“... a abolição libertou os brancos do fardo da escravidão e abandonou os negros à sua própria sorte.” (Florestan Fernandes)
A crise da escravidão no Brasil foi um processo lento e incerto. Teve início com o Bill Aberdeen, de 1845, e com a Lei Eusébio de Queirós, de 1850.
Com o fim do tráfico internacional, a escravidão entrava em progressivo colapso, auxiliada pelo processo de decadência do Império, e para defender esse sistema de trabalho a aristocracia escravista recorria ainda a todos os instrumentos possíveis, da violência à política.
Marcante no Brasil e que impulsionou para acabar com a escravidão foi o chamado Movimento Abolicionista. Os escravos sempre lutaram contra a escravidão, porém, a partir de meados do séc. XIX, essa luta passou a empolgar também uma parcela da população livre urbana. O estímulo deveu-se a uma série de acontecimentos internacionais, dentre eles, destaca-se, a oposição inglesa à escravidão e que ia abrindo espaço à reafirmação dos princípios liberais de igualdade jurídica, muito apreciado pelos abolicionistas.
Setores urbanos também juntaram-se ao movimento quando começaram a perceber que a relação entre o fim da escravidão e desgraça econômica era uma habilidosa montagem de ideias visando desarmar os opositores à escravidão.
Sabe-se que o grande contingente de escravos concentrados na região Nordeste teve como elemento causador a economia açucareira do início da colonização. Entretanto, esse quadro começou a mudar com a queda do comércio açucareiro e o deslocamento da matriz econômica do Nordeste para o Sudeste, com o crescimento e a valorização do café. Devido à cultura do café houve um aumento significativo do número de escravos em São Paulo, trazendo consigo todas as pressões e tensões relativas ao trabalho forçado.

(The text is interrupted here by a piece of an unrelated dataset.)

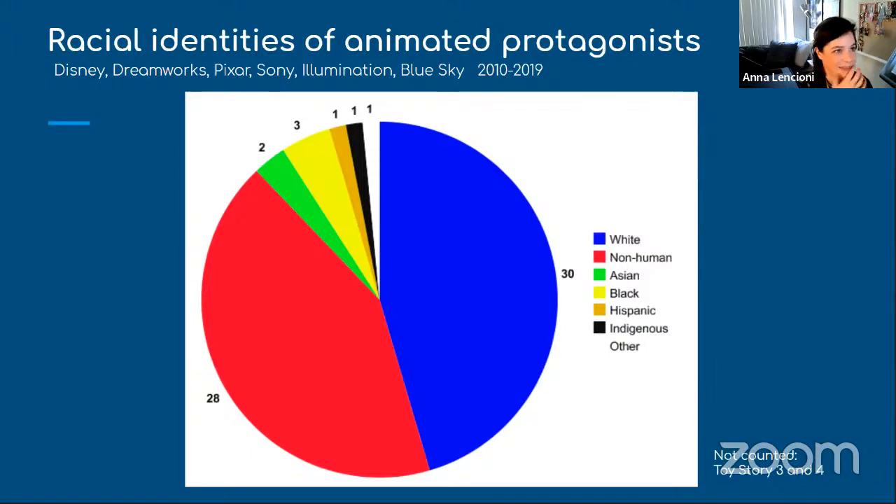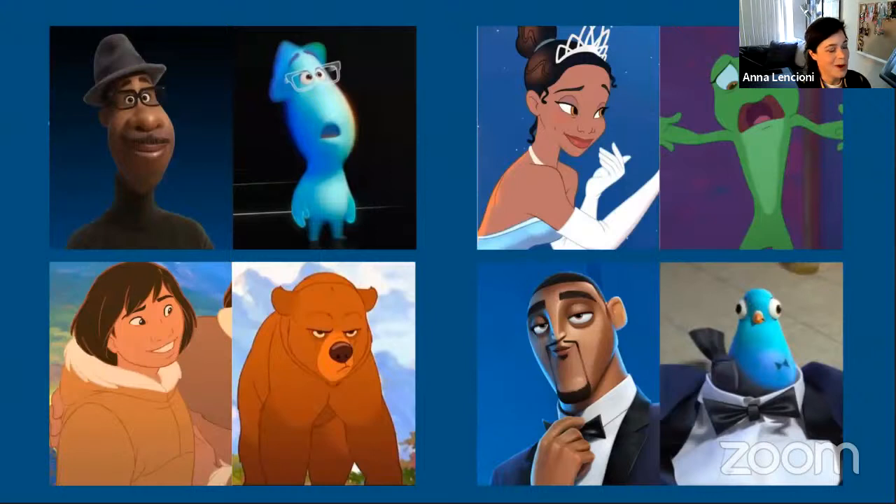That means an entire generation of kids did not really see themselves reflected in any variety of way in the media they were watching, and that's really sad to me. Something somebody also pointed out: a lot of these non-white protagonists have a propensity to turn into animals for most of the movie. I do not think this was done on purpose — but if you're going to make a movie with a non-white protagonist, it's worth asking: is this character going to turn into something else and stay that way for most of the film?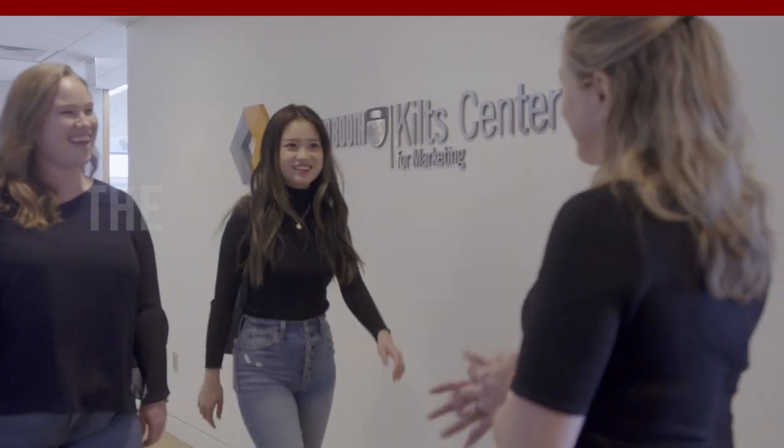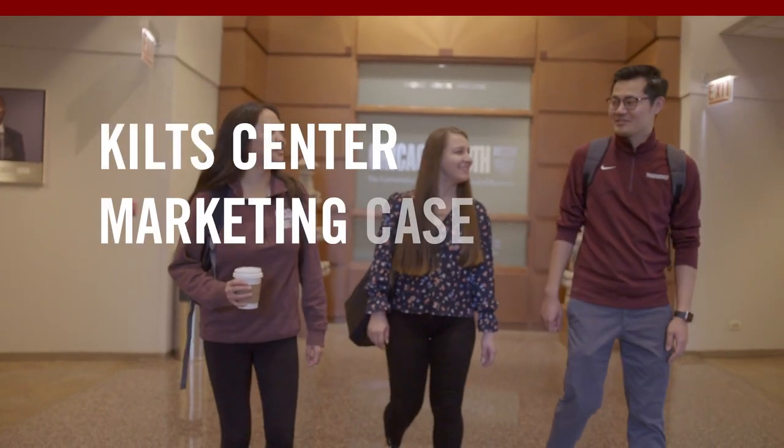The Kilt Center for Marketing was really helpful for me to get into brand management. They provide a lot of hands-on workshops as well as connections to alumni and industries. The Kilt Center case competition is a week-long project where students get a specific business problem from the sponsor.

Tais pressões e tensões tinham como motivos: - a contradição entre a fé cristã e a prática da escravatura, - a contradição entre liberalismo e a escravidão, ou seja, os ideais de liberdade e igualdade sociais e jurídicas, princípios básicos do liberalismo, se confrontavam com a realidade de pelo menos 40% da população que não era contemplada com esses direitos, e - a tensão por detrás do trabalho forçado, ou seja, a oposição e resistência dos escravos, das mais variadas formas, motivadas pela conscientização e desejo da possibilidade da conquista da liberdade.
Assim, ia se processando uma mudança de mentalidade do Estado em relação à escravidão que iria afetar: - a questão dos magistrados, - uma forte pressão externa, uma crescente luta dos escravos por sua própria integridade; e - uma divisão entre fazendeiros do Nordeste e Sudeste.
E a luta pela emancipação acontecia, então, em meio às disputas entre o governo e a classe dos proprietários rurais e no bojo dos acontecimentos sociais da época.
Surgia ainda a Lei do Ventre Livre, em 1871, que por sua vez também garantia oficialmente o direito à compra da liberdade e à prática do Estado na libertação de seus escravos. A aprovação dessa lei deveu-se muito ao grande número de representantes políticos do Nordeste que, com o deslocamento de escravos de sua região para o Sudeste, provocados pela corrida do café, deixaram de temer a questão abolicionista.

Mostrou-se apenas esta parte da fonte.